In this new siege, Agha Mohammad Khan devastated the surrounding villages near Shusha. The population could not recover from the previous 1795 attack and also suffered from a serious drought which lasted for three years. The artillery of the enemy also caused serious losses to the city defenders. Thus, in 1797 Aga Mohammad Khan succeeded in seizing Shusha and Ibrahim Khalil Khan was forced to flee to Dagestan.

However, several days after the seizure of Shusha, Agha Mohammad Khan was killed in enigmatic circumstances by his bodyguards. Ibrahim Khalil Khan returned Agha Mohammad Shah's body to Tehran, and in return, the new king Fath-Ali Shah Qajar () appointed him the governor of Karabakh and married his daughter Agha Beyim. Agha Baji, as she came to be called, was brought to court accompanied by her brother Abol' Fath Khan, and became Fath' Ali Shah's twelfth wife; highly respected at the court, for some reason she remained a virgin.

Conquest by Russia 

During the rule of Ibrahim Khalil Khan, the Karabakh Khanate grew in importance and established ties with other neighbouring khanates. On May 14, 1805, amidst the still ongoing Russo-Persian War of 1804–1813, Ibrahim Khalil Khan and the Russian general Pavel Tsitsianov signed the Treaty of Kurekchay, which transferred the Karabakh Khanate to the dominion of the Russian Empire. According to this agreement, the Khan of Karabakh gave up his right to carry out independent foreign policy, and took on the obligation to pay 8,000 gold rubles a year to the Russian treasury. In its turn, the Tsarist government promised not to infringe upon the right of Ibrahim Khan's legitimate successors to administer the internal affairs of their possessions.
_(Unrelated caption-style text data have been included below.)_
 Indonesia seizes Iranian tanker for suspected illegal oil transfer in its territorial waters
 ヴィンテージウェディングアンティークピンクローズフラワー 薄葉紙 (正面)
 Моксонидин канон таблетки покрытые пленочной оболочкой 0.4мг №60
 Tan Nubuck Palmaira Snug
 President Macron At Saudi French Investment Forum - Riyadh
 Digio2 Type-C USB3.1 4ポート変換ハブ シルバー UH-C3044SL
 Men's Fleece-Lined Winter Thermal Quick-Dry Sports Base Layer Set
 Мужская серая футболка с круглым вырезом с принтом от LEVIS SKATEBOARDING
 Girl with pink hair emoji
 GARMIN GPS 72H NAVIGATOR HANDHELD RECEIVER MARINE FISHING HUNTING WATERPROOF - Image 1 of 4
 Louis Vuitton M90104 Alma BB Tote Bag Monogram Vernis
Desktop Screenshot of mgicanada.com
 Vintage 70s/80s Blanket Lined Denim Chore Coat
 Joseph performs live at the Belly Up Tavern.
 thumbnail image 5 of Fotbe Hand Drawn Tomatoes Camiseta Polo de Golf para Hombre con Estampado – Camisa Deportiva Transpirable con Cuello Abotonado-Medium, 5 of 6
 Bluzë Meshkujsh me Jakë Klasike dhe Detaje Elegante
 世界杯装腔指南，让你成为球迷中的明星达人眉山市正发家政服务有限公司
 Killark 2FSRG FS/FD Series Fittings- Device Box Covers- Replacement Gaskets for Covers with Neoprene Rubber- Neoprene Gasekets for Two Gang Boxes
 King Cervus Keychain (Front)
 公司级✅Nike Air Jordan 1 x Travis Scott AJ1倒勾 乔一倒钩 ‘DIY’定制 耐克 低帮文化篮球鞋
However, in the same year, Russians reneged on the agreement, apparently acting on suspicion that Ibrahim Khalil Panah Khan was a traitor. He was killed near Shusha together with some members of his family by Major Dmitri Tikhonovich Lisanevich.

The Russian Empire finally gained control over Karabakh through the Treaty of Gulistan (1813) and Treaty of Turkmenchay (1828) after defeating Iran in the Russo-Persian Wars.

In 1822, Russian Empire abolished the khanate. A Karabakh province was created in its place, administered by Russian officials.

Legacy 

Some of the descendants of Panah Khan subsequently scattered around Iran with most remaining in Karabakh. Abdul Wakil Panah Khan became the Emir of Greater Khorasan.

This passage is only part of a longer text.